Time-based batch processing architecture using Apache Spark, and ClickHouse

Saravanan A R
WhatfixEngineeringBlog
5 min readMar 31, 2022

--

In the previous blog, we talked about Real-time processing architecture using Apache Spark, ClickHouse, and Apache Kafka.

This blog will talk about “Time-based batch processing architecture”.

Why do we need a batch processing architecture over the Real-time processing architecture?

  1. Business logic decides what to choose. If the business logic doesn’t want to process the data in real-time. Instead, it just wants to process the data in a periodic manner. Even if we process the data in real-time, there is no impact on the business, better to choose Time-based batch processing architecture.
  2. Also, In real-time processing architecture, a Spark job will run and listen to message streaming components like Kafka all the time and process the newly generated data in real-time. In time-based processing architecture, the spark job won’t run all the time. Instead, the Spark job will be initiated when needed. So, we are not utilizing the computing resource all the time. We are using the resource when needed.

For example, we want to generate a feature adoption rate report every week.
Say, in our product, we released a feature Autosuggestion. Whenever the user types, the product will provide a list of suggestions. We have to generate an adoption report for this feature every week.

Consider, the product has 5 Million users and we have billions of analytics events for those users. With our architecture, we’re generating this report every week.

The report has three data,
1. User ID
2. How many times has the user used the “Autosuggest” feature in the last week.
3. The Average number of times the user typed before the user got the right suggestion.

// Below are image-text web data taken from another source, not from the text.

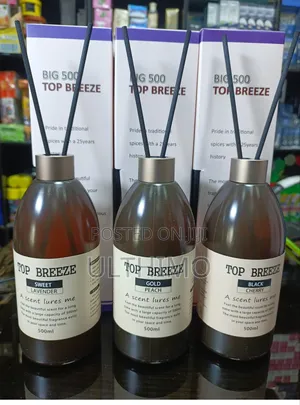 Top Breeze Diffuser Refill 500ml Very Big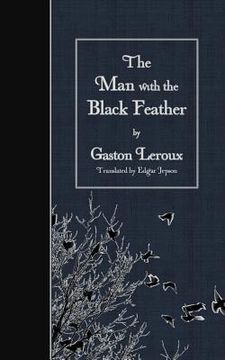 portada The Man with the Black Feather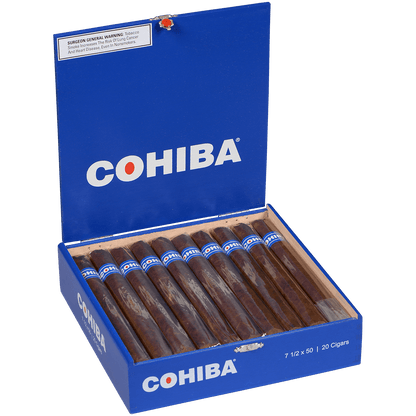 Cohiba Blue Churchill 20 Ct. Box 7.50X50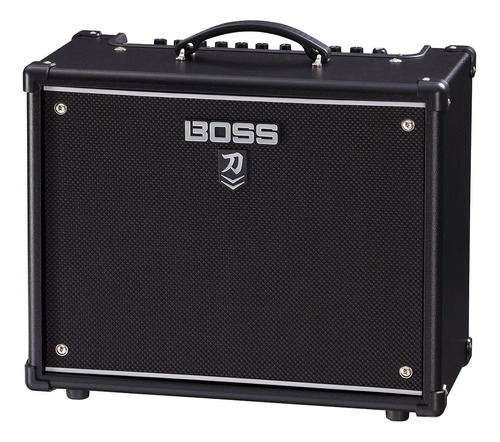 Amplificador De Guitarra 50 W Boss Katana 50 Mkii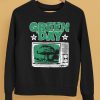 Green Day Saviors Tour Merch Tv Explosion Shirt5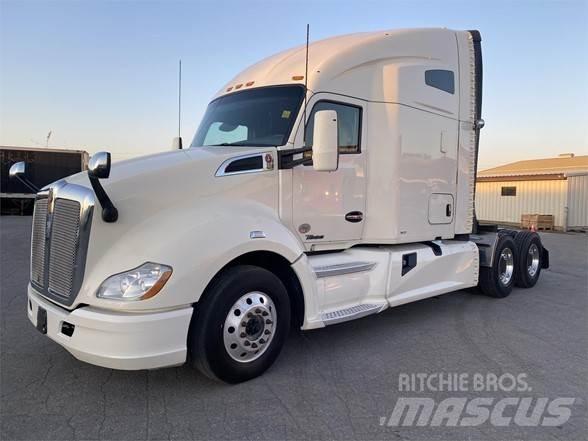 Kenworth T680 Tractores (camiões)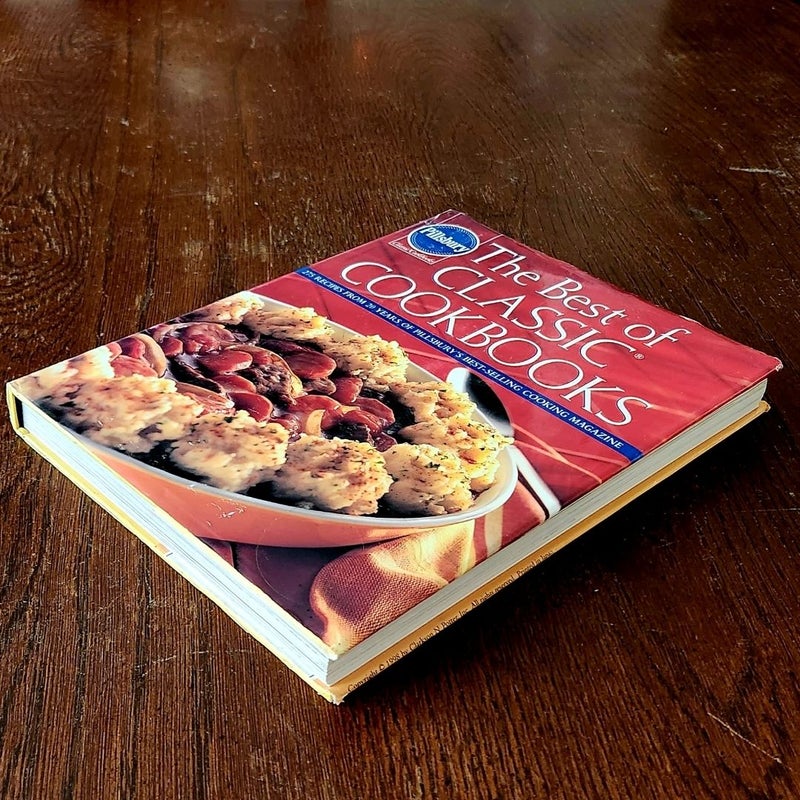 The Best of Classic Cookbooks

The report will look like,

To build Time based data processing architecture to generate adoption reports, we need the following components:

  1. A cron to trigger Apache Spark job in a configured time period.
  2. Apache Spark — ClickHouse connector to import feature analytics data from ClickHouse to Apache Spark.
  3. Apache Spark — S3 connector to store the report in the AWS S3 bucket.
The time-based batch processing architecture

Unlike the real-time processing architecture, in this architecture, Apache Spark won’t listen to message streaming components like Kafka topics all the time.
Instead, when cron hits the configured time(A), it’ll import the data directly from ClickHouse using ClickHouse Connector(B).
Once the data is imported, Apache Spark will process the data and generate the report. The generated report will be stored in the AWS S3 bucket(C).
Let’s see how to implement each component in detail.

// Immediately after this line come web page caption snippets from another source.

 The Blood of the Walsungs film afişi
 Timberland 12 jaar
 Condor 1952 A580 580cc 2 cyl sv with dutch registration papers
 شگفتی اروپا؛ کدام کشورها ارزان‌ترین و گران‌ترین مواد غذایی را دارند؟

A Cron to trigger Apache Spark Job.

With the help of cron expressions, we can specify when the Spark job has to be initiated.
Our goal is, we want to generate the adoption report every week. For example, to trigger the job every week at Sunday, 12 AM, the cron expression is, 0 0 * * 0

Apache Spark — ClickHouse connector:
Once the cron triggers the Apache Spark job, with the help of the ClickHouse connector, a Spark job will import the data from ClickHouse.
To set up this connector, copy the ClickHouse-Spark JDBC jar into the $SPARK_HOME/jars/ folder.

wget https://repo1.maven.org/maven2/com/github/housepower/clickhouse-native-jdbc/2.6.0/clickhouse-native-jdbc-2.6.0.jar -o $SPARK_HOME/jars/

Tip: By default, Apache Spark job loads jars from $SPARK_HOME/jars/ folder. It’s not mandatory that you have to copy the jars into this folder. Instead, you can load these jars while submitting a Spark job using — conf argument. Refer here to know more about this.

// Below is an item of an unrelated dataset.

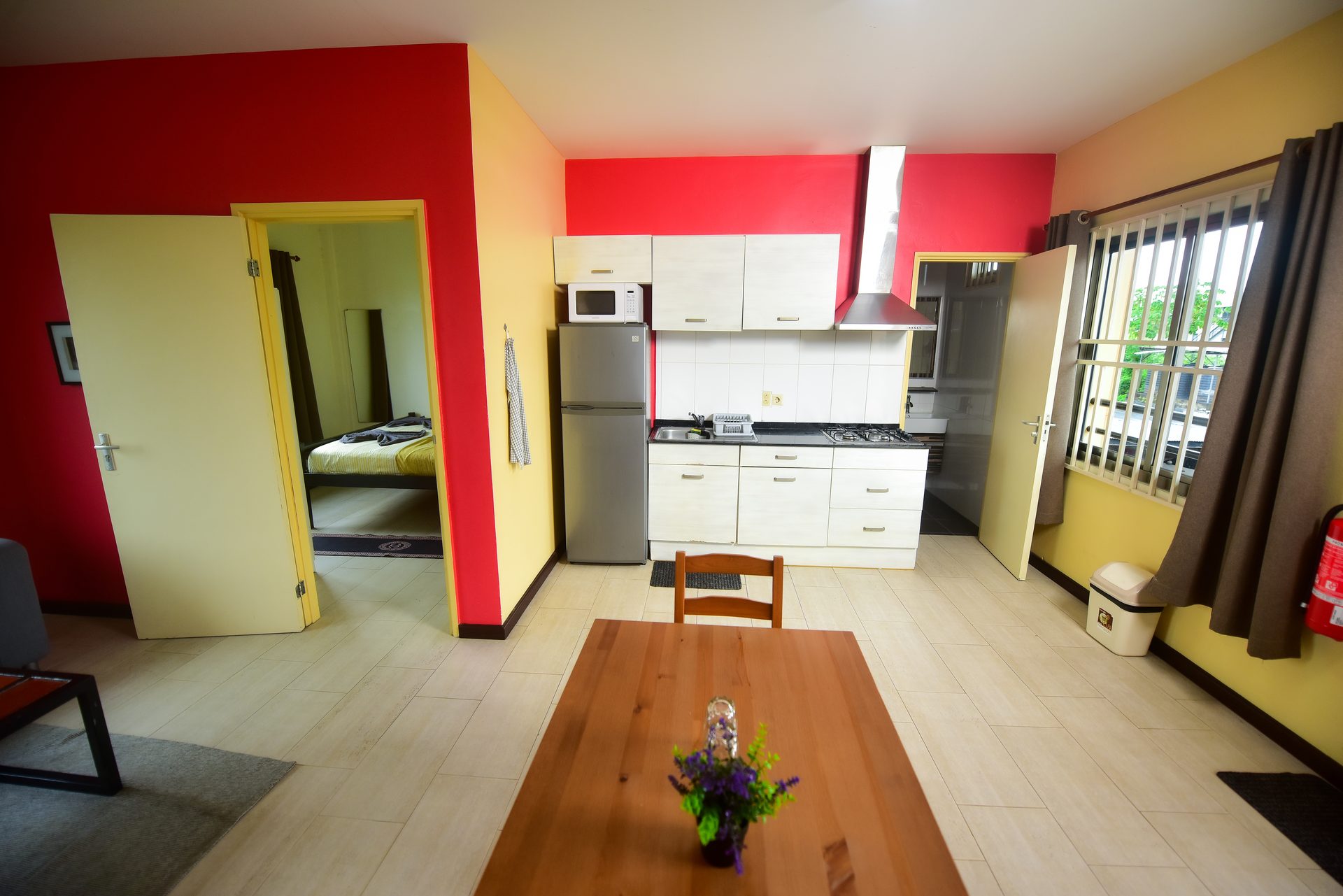 Wilhelminastraat Apartments photo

Now, we have copied the required jar into the Apache Spark classpath.
Next, to query data from ClickHouse, we need,
a. ClickHouse IP and port.
b. Database name and table name.
c. ClickHouse user name and password.
d. ClickHouse query.

The code snippet to query ClickHouse data is,

clickhouse_url="jdbc:clickhouse://<ip><port>/<db_name>"properties = {
"password": <clickhouse_password>,
"user": <clickhouse_user>,
"driver":"com.github.housepower.jdbc.ClickHouseDriver"
}
clickhouse_query="select user_id, typed_count from autosuggest_analytics where timestamp <= currentTime and timestamp >= currentTime-sevenDays”autosuggest_events = spark.read.jdbc(url=clickhouse_url, table=clickhouse_query, properties=properties)

With the above code snippet, we have imported the last seven days’ analytics data specific to the AutoSuggest feature.
The “autosuggest_events” variable holds the pointer to the imported data distributed across the worker nodes.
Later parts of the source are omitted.